[Opening Records shown section]

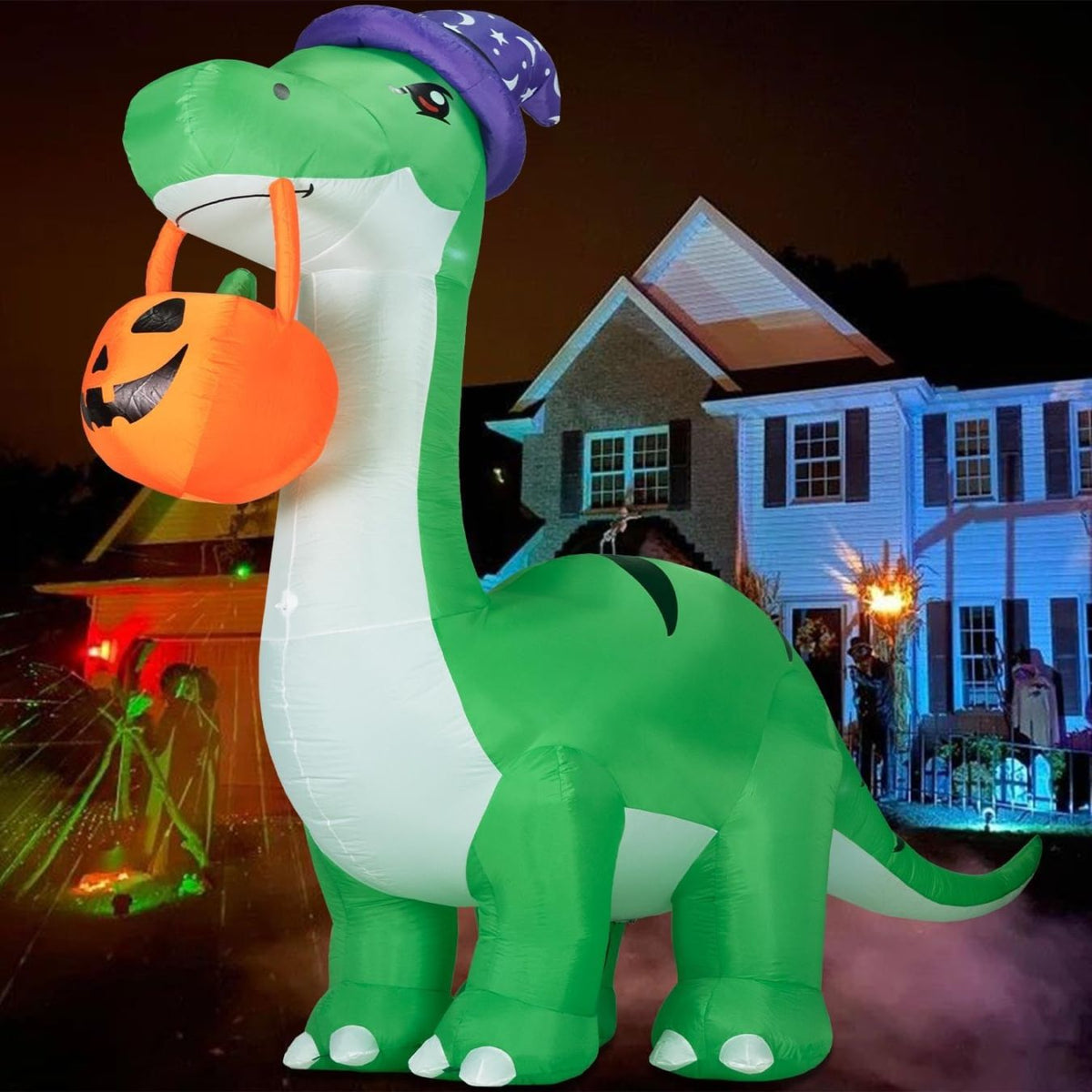 ハロウィーン デコレーション 巨大 恐竜 ハロウィン 飾り ダイナソー 10FT(約300cm) お化けカボチャ付き ライトアップ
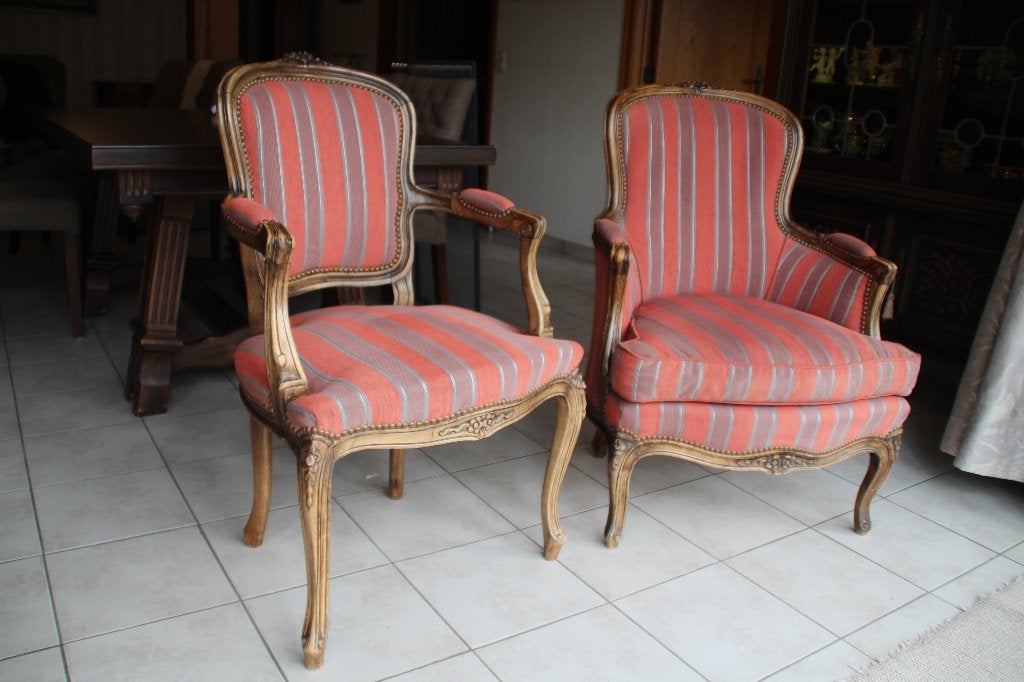 Fauteuil et fauteuil Bergère de style Louis XV, Antiquités & Art, Enlèvement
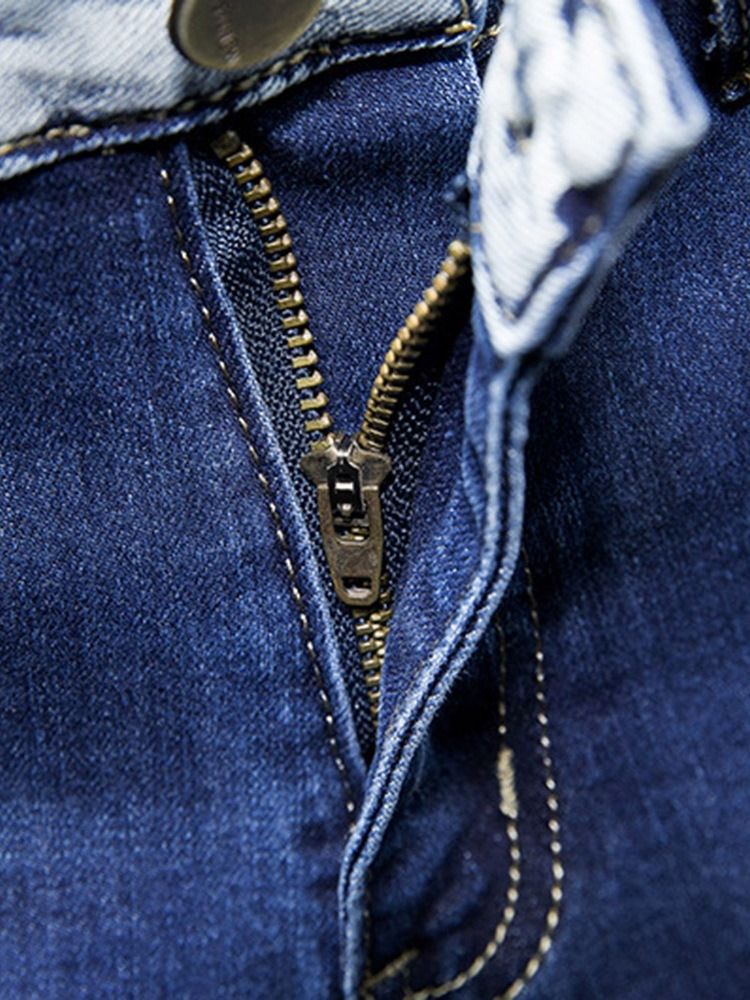 Pocket Jeans Med Glidelås I Midten Av Midjen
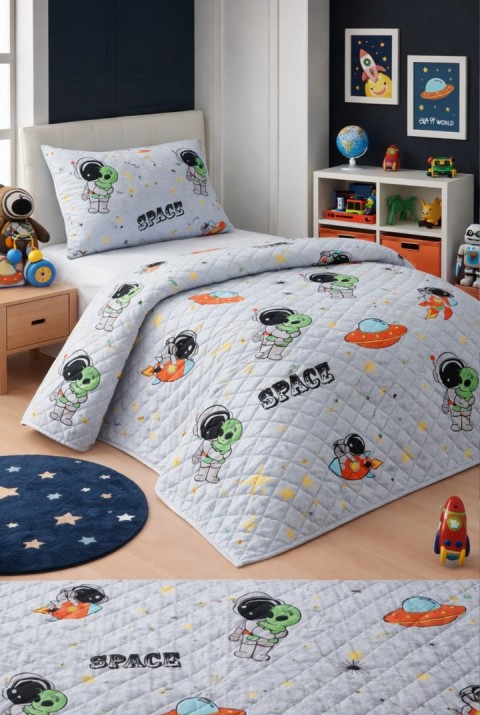 Astronot Çocuk Genç Pike Yatak Örtüsü Takımı Uzay Desen Kapitone Pamuklu 4 Mevsim | Çarşafsız 160x230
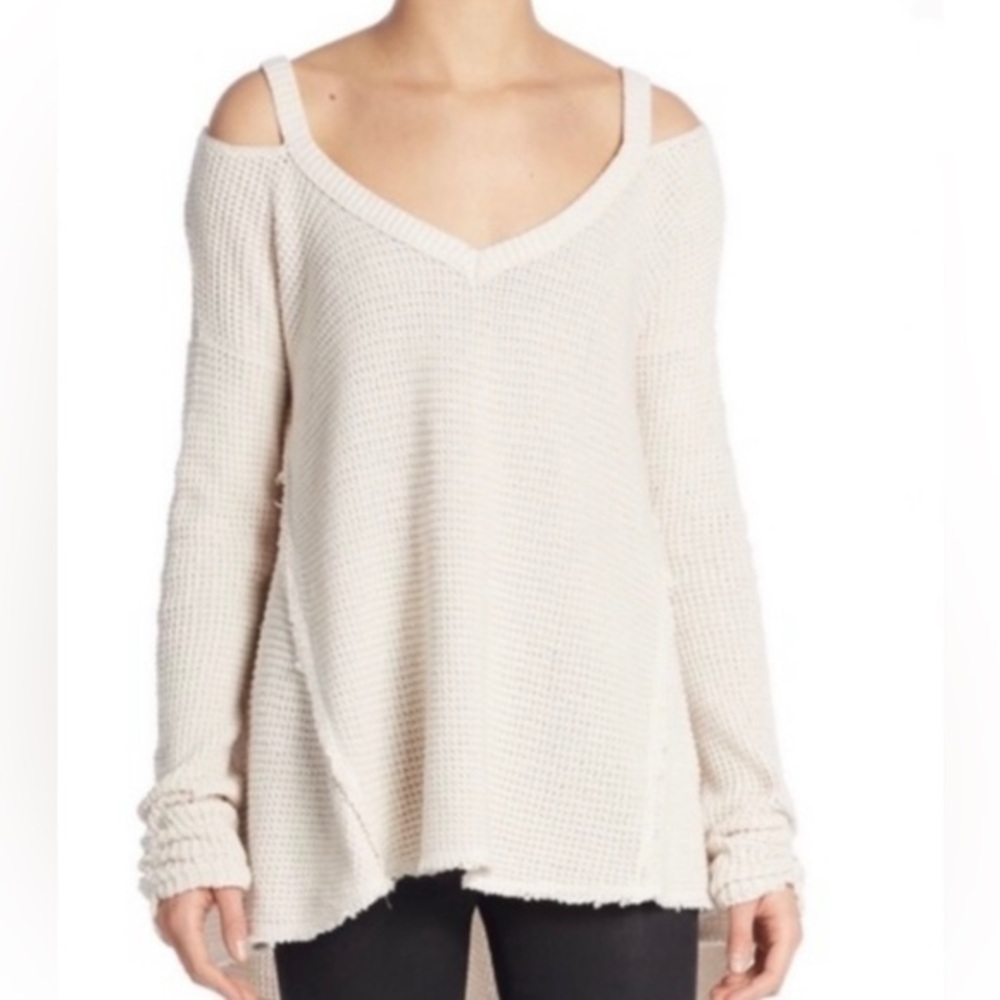 Free People womenβs Moonshine V neck sweater, white, size Small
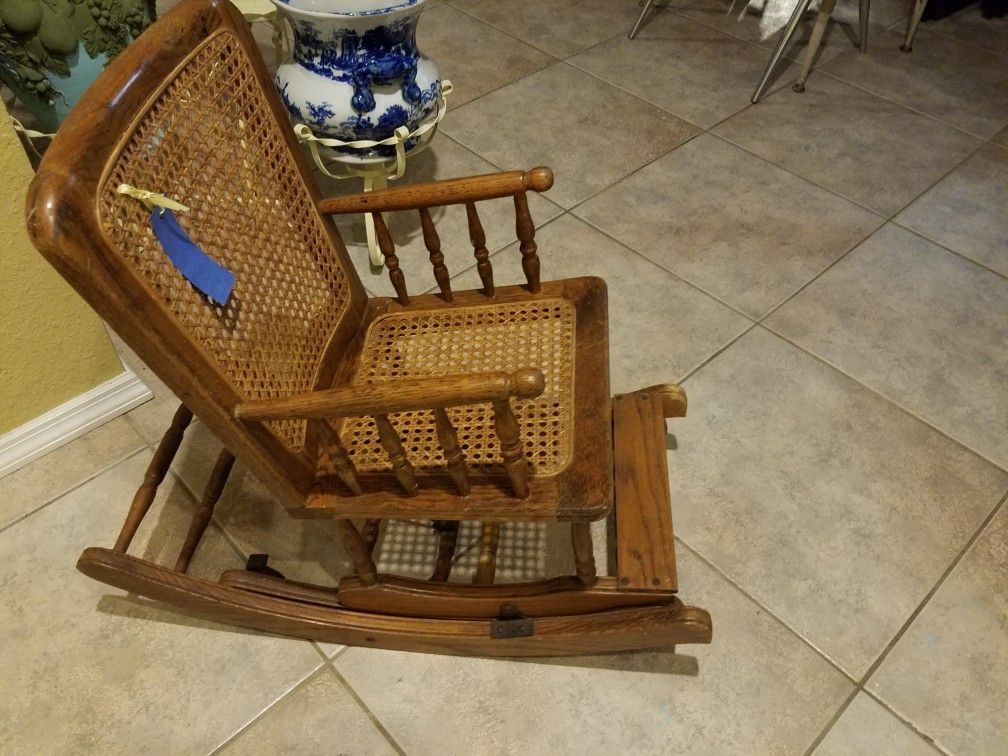 Antique baby high/rocker Solid wood wicker back and seat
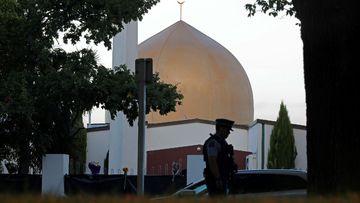 A police officer stands guard in front of the Al Noor mosque in Christchurch.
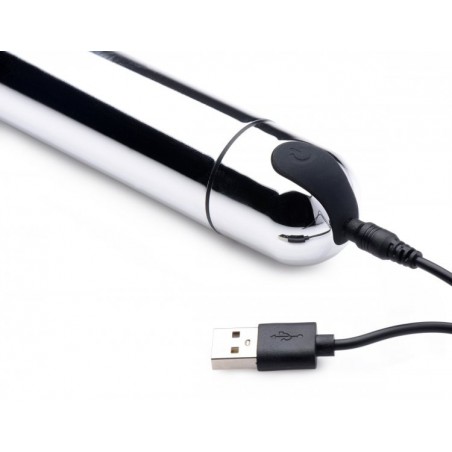 Vibromasseur Multifonction - Thunder Bullet Argenté - Rechargeable - 18 Cm / Ø 3,5 Cm - Master Series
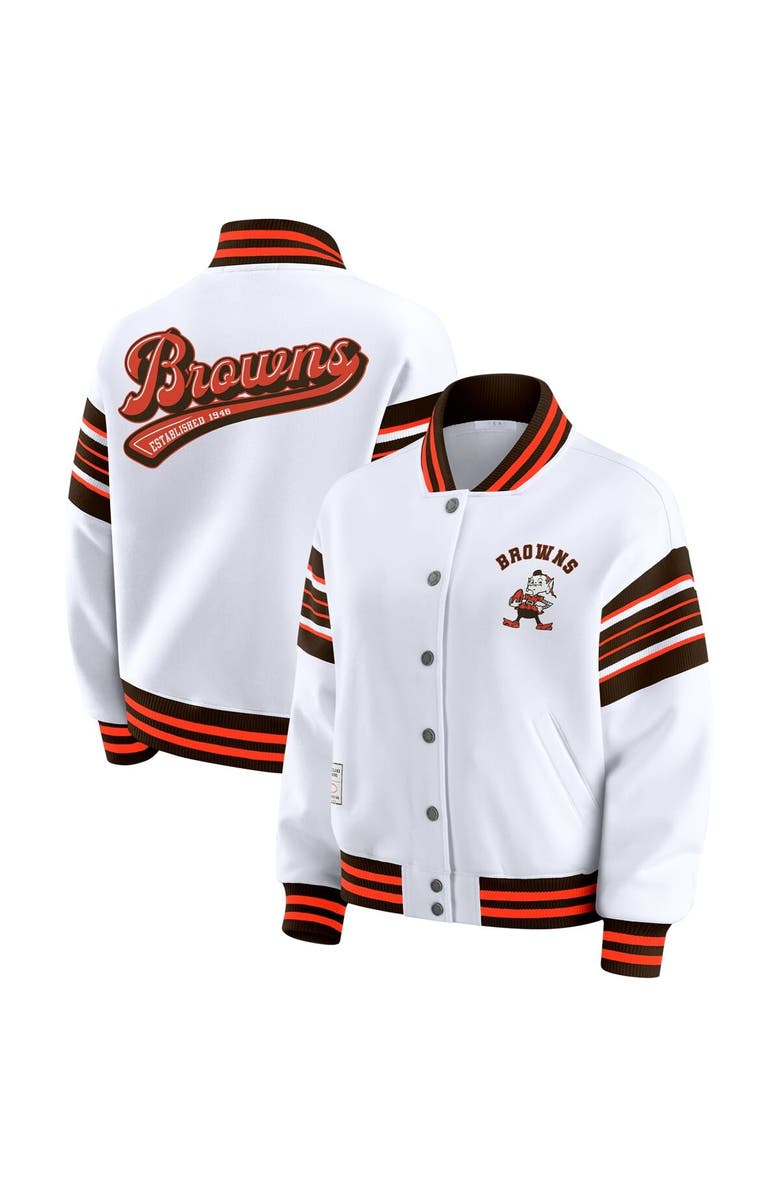 WEAR by Erin Andrews Women's WEAR by Erin Andrews White Cleveland Browns Full-Snap Fleece Sweatshirt Jacket, Main, color, White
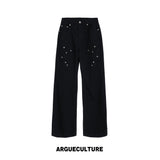Floral Embroidered Rivet Straight-Leg Denim Jeans - Black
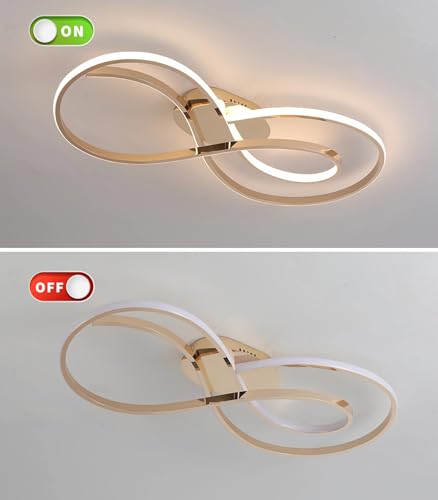Eclairage salon sans éblouissement plafonnier LED arc télécommande or 80cm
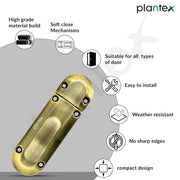 Plantex Door Stopper/Door Latch for Main Door/Baby Latch for Bathroom/Door Lock for Home and Office Doors - Pack of 1 (Brass Antique)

[Closing Records shown section]

**Assignment:** Your answer must be exactly the lines from the one with "Floral Embroidered Rivet" through the last line of the entries, both included, with no pictures; please add nothing else.

**Solution to this problem:**
Floral Embroidered Rivet Straight-Leg Denim Jeans - Black
Eclairage salon sans éblouissement plafonnier LED arc télécommande or 80cm
 Plantex Door Stopper/Door Latch for Main Door/Baby Latch for Bathroom/Door Lock for Home and Office Doors - Pack of 1 (Brass Antique)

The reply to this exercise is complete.